As obras da velha ponte foram lançadas em 1908, com a presença de José Maria de Oliveira Matos, deputado progressista pelo círculo de Arganil. Esta ponte terá mesmo sido designada por Ponte Oliveira Matos (a par da ponte de Penacova também com o nome de outro membro do Partido Progressista, Luciano de Castro). As obras só terão ficado concluídas passados mais de seis anos. Em 1914 ainda o Jornal de Penacova dizia que a ponte lá estava, "como um coreto sobre o rio", à espera que se fizesse "o encontro da margem direita”. 

Imagem  recolhida num documento (cedido por Luís Calafate )
datado de 1920  em que é possível saber que tinha 70 metros.
A Ponte do Alva representava, em termos de engenharia de construção, um dos primeiros exemplares de pontes construídas em Portugal com cimento armado. Foi construída pela empresa Moreira de Sá e Malevez[1], concessionária em Portugal do sistema de betão armado Hennebique. O cimento armado fora uma invenção do construtor francês Monnier, realizada por volta de 1860, ao embeber no cimento fios ou redes de aço aumentando-lhe, assim, a resistência. No entanto, para as construções de maior vulto foi preciso aperfeiçoar esta técnica. Tal foi conseguido em 1892 pelo engenheiro francês François Hennebique. 

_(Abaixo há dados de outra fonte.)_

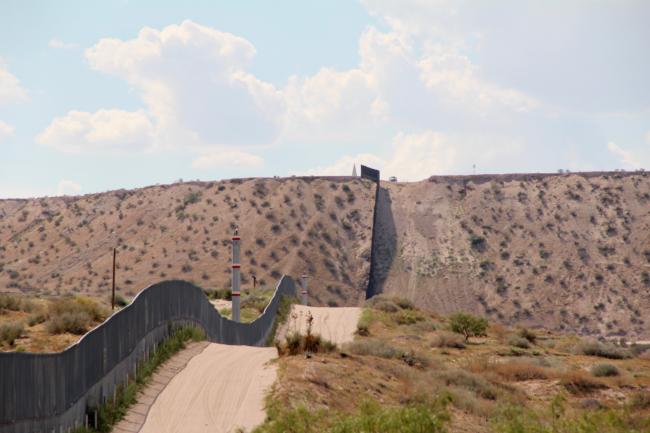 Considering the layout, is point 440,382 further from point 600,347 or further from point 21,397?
point 600,347

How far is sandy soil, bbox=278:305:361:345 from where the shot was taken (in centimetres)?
4312

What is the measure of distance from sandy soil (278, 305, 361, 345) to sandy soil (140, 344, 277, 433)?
59.0 feet

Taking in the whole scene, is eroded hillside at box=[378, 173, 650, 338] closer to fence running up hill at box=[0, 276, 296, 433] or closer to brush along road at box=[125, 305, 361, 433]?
brush along road at box=[125, 305, 361, 433]

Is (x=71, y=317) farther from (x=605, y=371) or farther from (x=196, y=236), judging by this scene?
(x=196, y=236)

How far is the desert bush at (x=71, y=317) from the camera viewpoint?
2880 cm

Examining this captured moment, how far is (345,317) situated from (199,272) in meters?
41.7

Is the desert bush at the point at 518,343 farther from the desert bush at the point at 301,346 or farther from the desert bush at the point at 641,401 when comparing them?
the desert bush at the point at 301,346

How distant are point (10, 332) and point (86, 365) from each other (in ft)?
40.5

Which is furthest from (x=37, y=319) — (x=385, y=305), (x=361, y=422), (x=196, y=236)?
(x=196, y=236)

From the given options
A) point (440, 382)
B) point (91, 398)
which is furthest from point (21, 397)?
point (440, 382)

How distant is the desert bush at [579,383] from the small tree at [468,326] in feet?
50.3

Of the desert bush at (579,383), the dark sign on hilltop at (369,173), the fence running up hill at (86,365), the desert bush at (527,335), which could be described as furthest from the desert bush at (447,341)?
the dark sign on hilltop at (369,173)

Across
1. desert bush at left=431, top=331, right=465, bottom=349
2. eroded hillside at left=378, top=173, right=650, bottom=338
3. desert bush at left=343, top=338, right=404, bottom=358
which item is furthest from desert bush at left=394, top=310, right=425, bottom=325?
eroded hillside at left=378, top=173, right=650, bottom=338

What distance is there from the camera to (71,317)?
95.1 feet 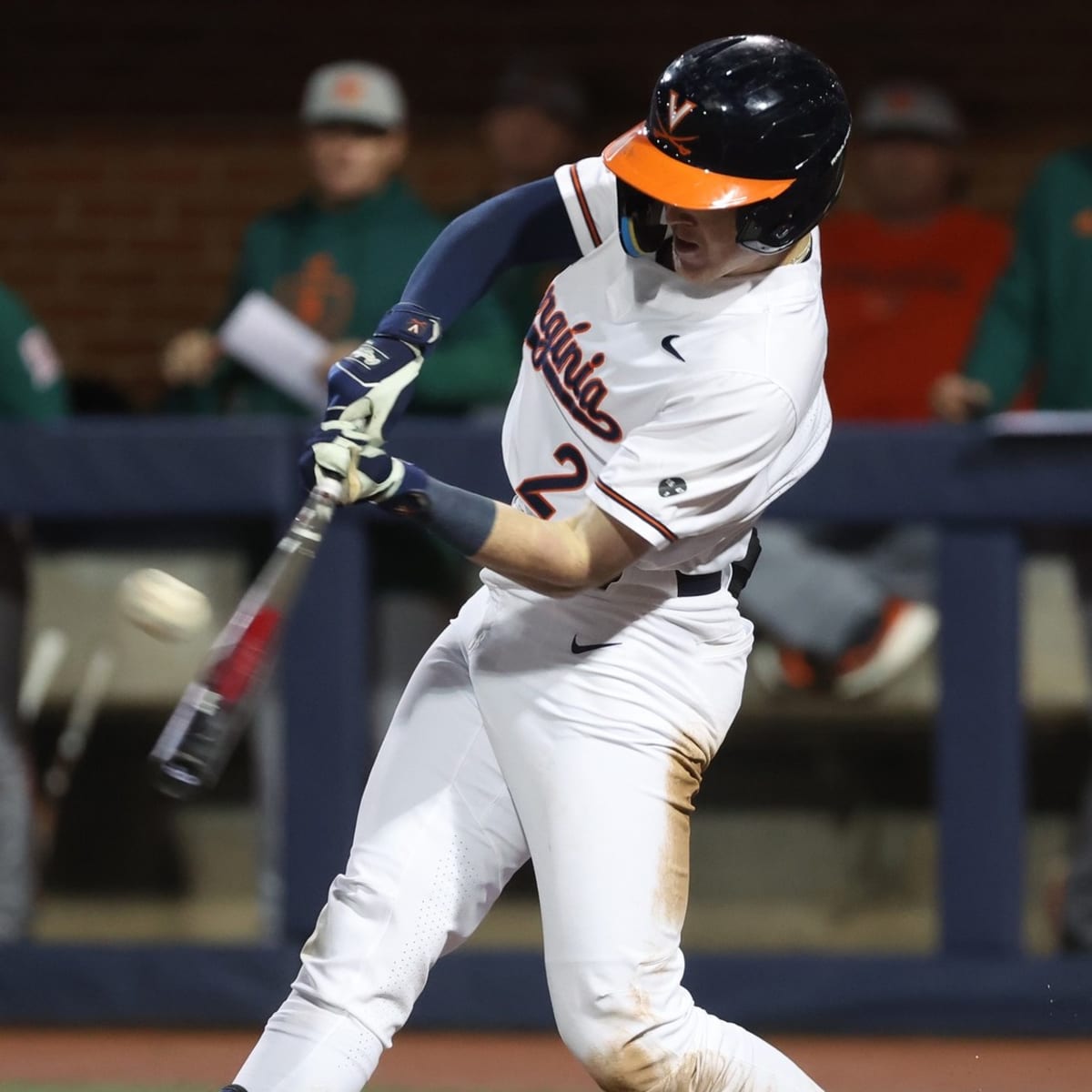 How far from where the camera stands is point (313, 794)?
4461mm

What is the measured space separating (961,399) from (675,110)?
1964 mm

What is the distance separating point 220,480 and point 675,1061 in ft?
7.00

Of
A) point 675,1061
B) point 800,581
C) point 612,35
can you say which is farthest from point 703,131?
point 612,35

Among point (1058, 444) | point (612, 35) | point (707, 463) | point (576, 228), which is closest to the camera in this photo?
point (707, 463)

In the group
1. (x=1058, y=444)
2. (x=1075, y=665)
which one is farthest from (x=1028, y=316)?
(x=1075, y=665)

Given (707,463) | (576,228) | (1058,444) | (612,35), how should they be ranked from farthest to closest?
(612,35), (1058,444), (576,228), (707,463)

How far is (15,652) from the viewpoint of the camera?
14.9 ft

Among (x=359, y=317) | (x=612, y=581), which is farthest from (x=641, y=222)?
(x=359, y=317)

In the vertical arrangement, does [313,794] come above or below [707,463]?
below

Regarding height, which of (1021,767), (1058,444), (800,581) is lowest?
(1021,767)

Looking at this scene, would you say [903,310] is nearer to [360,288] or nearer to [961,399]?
[961,399]

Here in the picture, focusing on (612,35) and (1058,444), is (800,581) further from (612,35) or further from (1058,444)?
(612,35)

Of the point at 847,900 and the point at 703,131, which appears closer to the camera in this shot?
the point at 703,131

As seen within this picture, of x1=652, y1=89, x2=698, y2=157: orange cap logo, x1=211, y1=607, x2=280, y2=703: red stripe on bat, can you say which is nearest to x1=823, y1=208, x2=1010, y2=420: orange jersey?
x1=652, y1=89, x2=698, y2=157: orange cap logo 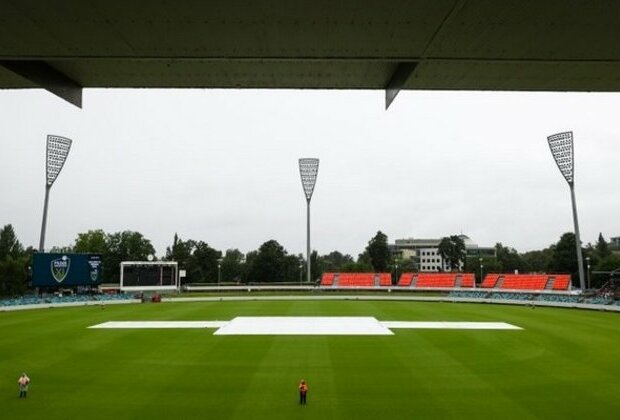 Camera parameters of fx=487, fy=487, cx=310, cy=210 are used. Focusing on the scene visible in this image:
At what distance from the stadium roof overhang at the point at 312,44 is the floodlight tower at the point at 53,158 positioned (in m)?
57.0

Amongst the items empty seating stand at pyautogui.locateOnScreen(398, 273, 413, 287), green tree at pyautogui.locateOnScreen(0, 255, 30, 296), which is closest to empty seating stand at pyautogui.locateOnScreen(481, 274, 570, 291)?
empty seating stand at pyautogui.locateOnScreen(398, 273, 413, 287)

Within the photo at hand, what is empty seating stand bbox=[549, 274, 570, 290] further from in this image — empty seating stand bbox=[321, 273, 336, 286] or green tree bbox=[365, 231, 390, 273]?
green tree bbox=[365, 231, 390, 273]

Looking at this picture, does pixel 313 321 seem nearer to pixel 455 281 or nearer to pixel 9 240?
pixel 455 281

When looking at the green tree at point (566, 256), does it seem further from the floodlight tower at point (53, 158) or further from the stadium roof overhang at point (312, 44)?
the stadium roof overhang at point (312, 44)

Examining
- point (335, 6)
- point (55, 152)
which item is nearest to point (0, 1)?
point (335, 6)

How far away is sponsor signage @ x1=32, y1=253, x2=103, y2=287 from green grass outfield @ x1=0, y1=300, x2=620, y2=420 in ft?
72.1

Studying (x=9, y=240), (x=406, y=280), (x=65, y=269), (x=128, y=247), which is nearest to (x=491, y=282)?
(x=406, y=280)

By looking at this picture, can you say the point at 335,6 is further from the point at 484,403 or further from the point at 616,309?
the point at 616,309

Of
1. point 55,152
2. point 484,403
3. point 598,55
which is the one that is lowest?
point 484,403

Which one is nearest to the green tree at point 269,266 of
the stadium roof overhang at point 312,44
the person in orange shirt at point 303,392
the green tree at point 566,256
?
the green tree at point 566,256

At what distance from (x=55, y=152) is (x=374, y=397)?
5536 centimetres

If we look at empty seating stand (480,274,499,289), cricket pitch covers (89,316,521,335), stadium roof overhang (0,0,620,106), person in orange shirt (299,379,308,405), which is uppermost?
stadium roof overhang (0,0,620,106)

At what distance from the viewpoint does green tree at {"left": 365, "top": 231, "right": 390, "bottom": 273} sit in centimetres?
12769

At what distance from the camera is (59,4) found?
547cm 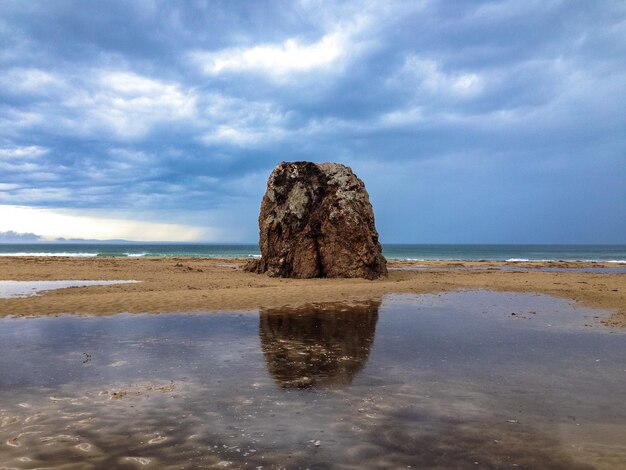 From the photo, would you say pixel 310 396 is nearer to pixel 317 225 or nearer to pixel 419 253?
pixel 317 225

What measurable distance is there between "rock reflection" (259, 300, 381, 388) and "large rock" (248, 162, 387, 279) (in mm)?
10227

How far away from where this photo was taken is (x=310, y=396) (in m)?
5.95

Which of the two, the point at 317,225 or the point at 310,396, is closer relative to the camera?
the point at 310,396

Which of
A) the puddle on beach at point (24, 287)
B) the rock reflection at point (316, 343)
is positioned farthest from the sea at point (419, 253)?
the rock reflection at point (316, 343)

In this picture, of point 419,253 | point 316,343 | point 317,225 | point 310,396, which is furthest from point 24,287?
point 419,253

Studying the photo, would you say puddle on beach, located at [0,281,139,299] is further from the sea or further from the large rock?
the sea

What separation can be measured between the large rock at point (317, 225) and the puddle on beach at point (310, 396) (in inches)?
530

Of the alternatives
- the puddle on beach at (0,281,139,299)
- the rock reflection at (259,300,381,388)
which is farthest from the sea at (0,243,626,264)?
the rock reflection at (259,300,381,388)

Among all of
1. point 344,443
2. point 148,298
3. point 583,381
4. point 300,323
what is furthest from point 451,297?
point 344,443

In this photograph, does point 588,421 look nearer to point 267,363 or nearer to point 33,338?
point 267,363

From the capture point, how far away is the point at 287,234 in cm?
2597

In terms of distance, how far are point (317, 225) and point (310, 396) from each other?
19556 millimetres

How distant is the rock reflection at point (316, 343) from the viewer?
691cm

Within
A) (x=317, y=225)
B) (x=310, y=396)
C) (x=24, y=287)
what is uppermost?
(x=317, y=225) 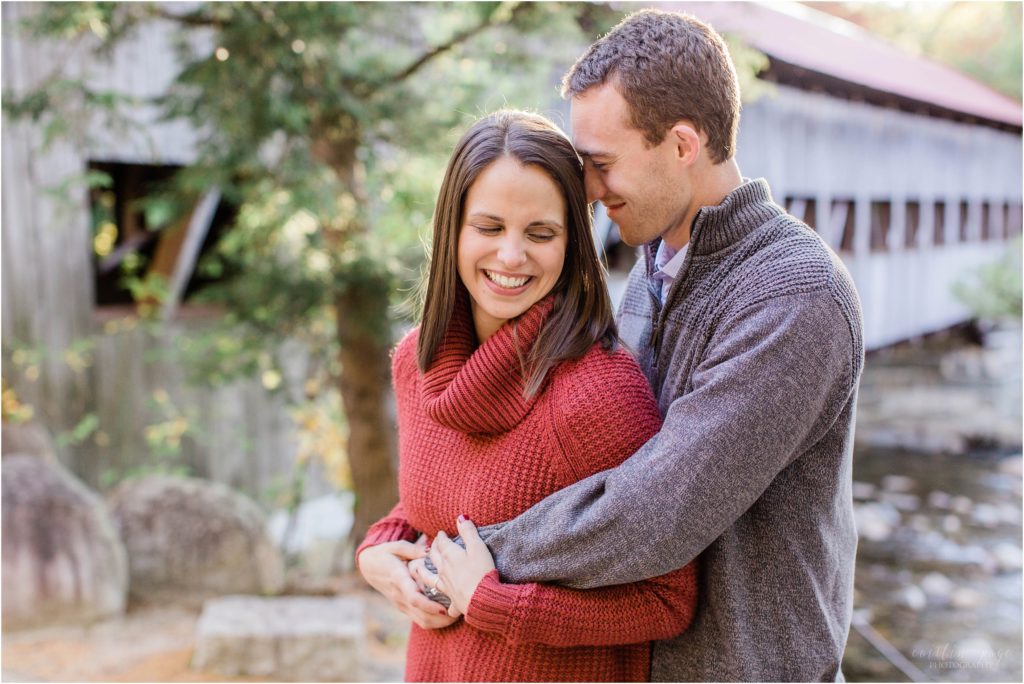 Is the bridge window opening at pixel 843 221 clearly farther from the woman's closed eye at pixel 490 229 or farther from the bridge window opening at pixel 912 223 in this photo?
the woman's closed eye at pixel 490 229

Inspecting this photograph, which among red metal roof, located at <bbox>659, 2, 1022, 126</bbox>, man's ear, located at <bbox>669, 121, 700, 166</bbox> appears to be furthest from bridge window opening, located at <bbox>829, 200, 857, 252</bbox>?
man's ear, located at <bbox>669, 121, 700, 166</bbox>

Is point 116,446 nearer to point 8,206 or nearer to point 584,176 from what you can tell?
point 8,206

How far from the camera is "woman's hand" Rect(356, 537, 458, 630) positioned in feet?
5.60

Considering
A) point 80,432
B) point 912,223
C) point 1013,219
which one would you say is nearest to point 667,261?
point 80,432

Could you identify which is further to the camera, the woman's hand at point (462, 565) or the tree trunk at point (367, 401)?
the tree trunk at point (367, 401)

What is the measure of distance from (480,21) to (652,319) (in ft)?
9.35

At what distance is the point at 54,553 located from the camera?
460 cm

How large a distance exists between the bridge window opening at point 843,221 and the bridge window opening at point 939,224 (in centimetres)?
309

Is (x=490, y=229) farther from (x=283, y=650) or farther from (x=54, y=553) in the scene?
(x=54, y=553)

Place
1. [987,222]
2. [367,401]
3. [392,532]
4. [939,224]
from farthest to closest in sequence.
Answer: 1. [987,222]
2. [939,224]
3. [367,401]
4. [392,532]

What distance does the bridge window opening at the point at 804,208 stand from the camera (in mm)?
9219

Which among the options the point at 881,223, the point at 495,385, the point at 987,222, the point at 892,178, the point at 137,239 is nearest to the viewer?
the point at 495,385

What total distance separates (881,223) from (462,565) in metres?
11.2

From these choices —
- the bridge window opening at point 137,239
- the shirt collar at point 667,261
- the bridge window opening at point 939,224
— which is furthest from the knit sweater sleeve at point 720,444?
the bridge window opening at point 939,224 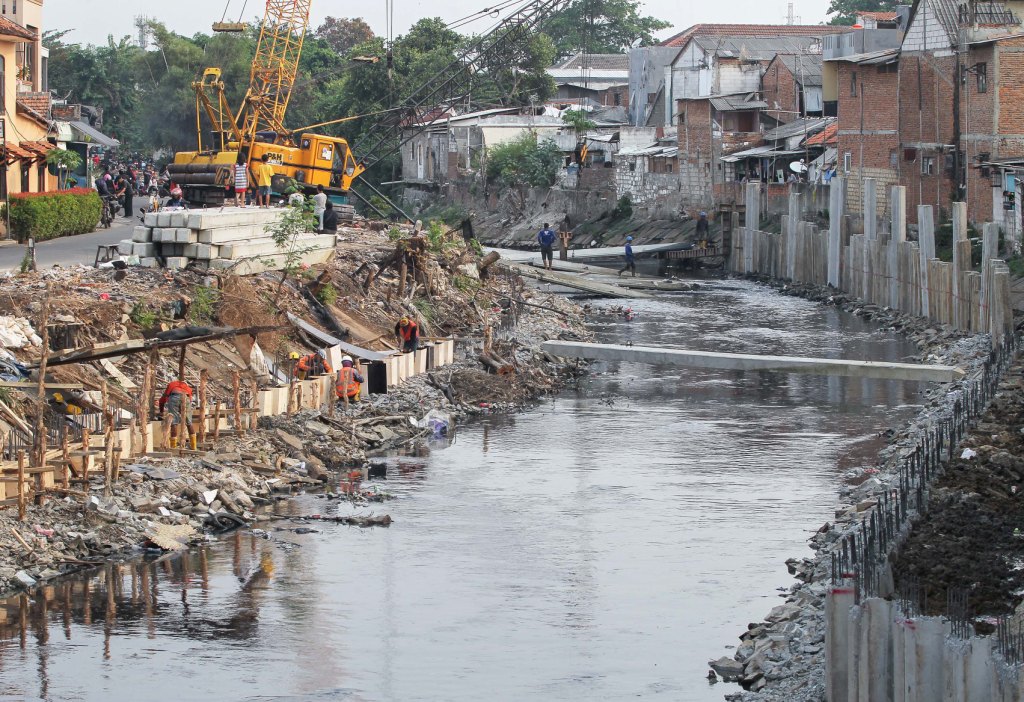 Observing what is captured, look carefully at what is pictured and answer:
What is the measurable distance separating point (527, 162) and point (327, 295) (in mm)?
51641

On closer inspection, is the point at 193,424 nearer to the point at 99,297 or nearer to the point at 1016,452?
the point at 99,297

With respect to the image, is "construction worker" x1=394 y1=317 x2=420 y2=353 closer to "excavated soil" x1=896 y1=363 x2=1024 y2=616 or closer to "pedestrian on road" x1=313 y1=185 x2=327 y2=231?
"pedestrian on road" x1=313 y1=185 x2=327 y2=231

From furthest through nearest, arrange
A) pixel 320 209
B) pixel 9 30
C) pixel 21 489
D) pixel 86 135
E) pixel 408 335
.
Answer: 1. pixel 86 135
2. pixel 320 209
3. pixel 9 30
4. pixel 408 335
5. pixel 21 489

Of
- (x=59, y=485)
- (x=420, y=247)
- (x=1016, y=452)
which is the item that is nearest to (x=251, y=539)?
(x=59, y=485)

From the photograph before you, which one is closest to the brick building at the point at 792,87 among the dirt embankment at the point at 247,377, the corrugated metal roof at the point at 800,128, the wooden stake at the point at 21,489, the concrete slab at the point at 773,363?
the corrugated metal roof at the point at 800,128

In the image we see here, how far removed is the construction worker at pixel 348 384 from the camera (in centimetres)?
2858

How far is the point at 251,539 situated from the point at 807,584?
7.44 metres

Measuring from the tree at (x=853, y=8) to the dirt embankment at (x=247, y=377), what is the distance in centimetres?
7797

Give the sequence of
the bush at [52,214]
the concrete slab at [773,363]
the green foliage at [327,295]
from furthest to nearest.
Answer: the bush at [52,214]
the green foliage at [327,295]
the concrete slab at [773,363]

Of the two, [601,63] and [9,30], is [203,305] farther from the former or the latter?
[601,63]

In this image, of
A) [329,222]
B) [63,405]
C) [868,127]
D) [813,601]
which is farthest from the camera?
[868,127]

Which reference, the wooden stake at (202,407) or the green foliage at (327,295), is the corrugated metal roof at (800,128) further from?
the wooden stake at (202,407)

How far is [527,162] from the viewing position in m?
85.2

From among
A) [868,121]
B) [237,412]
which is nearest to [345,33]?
[868,121] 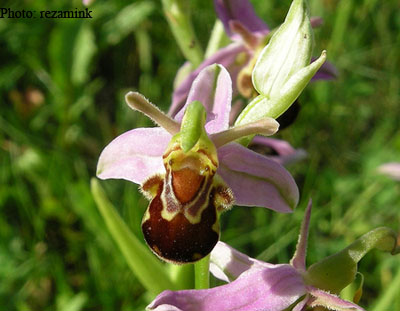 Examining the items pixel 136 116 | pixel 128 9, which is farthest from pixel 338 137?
pixel 128 9

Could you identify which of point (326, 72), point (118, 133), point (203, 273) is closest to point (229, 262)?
point (203, 273)

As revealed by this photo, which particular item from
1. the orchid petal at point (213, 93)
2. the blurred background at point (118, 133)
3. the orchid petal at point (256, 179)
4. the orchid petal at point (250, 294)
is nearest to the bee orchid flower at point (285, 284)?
the orchid petal at point (250, 294)

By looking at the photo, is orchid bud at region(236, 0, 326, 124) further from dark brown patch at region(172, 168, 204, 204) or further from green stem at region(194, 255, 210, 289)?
green stem at region(194, 255, 210, 289)

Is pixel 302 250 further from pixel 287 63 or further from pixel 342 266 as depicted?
pixel 287 63

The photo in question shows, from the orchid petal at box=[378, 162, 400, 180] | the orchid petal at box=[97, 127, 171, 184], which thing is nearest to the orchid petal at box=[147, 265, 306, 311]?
the orchid petal at box=[97, 127, 171, 184]

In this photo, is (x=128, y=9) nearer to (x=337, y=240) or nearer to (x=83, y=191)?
(x=83, y=191) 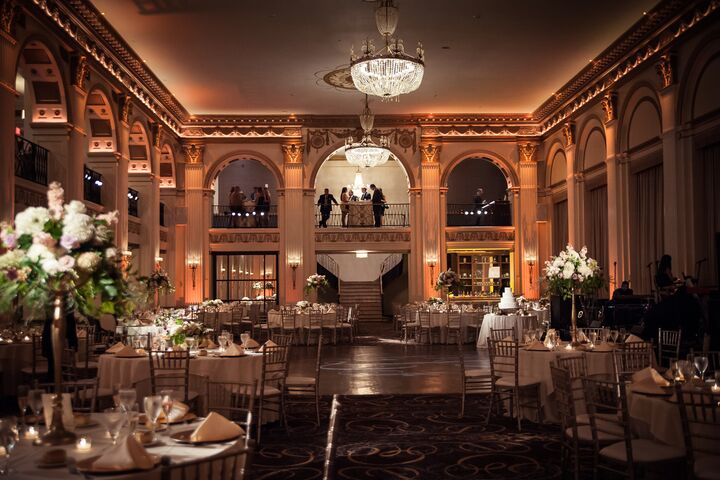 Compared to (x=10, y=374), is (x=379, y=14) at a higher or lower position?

A revista francesa na área da construção civil "Le Béton Armé", de 1908, refere esta obra tendo como concessionário, precisamente, “Moreira de Sá e Malevez”. O engenheiro responsável terá sido João Theophilo da Costa Goes. 

Por tudo isso, pena foi que tivesse desaparecido para sempre. Quem sabe, se tivesse tido obras de conservação ainda hoje poderia ser um caso de estudo no campo da engenharia e obras públicas, coexistindo com a actual ponte que serve o IP3. 



[1] Ainda há poucos anos, fomos contactados por um bisneto do Eng. Bernardo Moreira de Sá, Luís Calafate (Professor universitário) no sentido de obter informações sobre a velha Ponte do Alva (além das que já possuía e que amavelmente nos disponibilizou).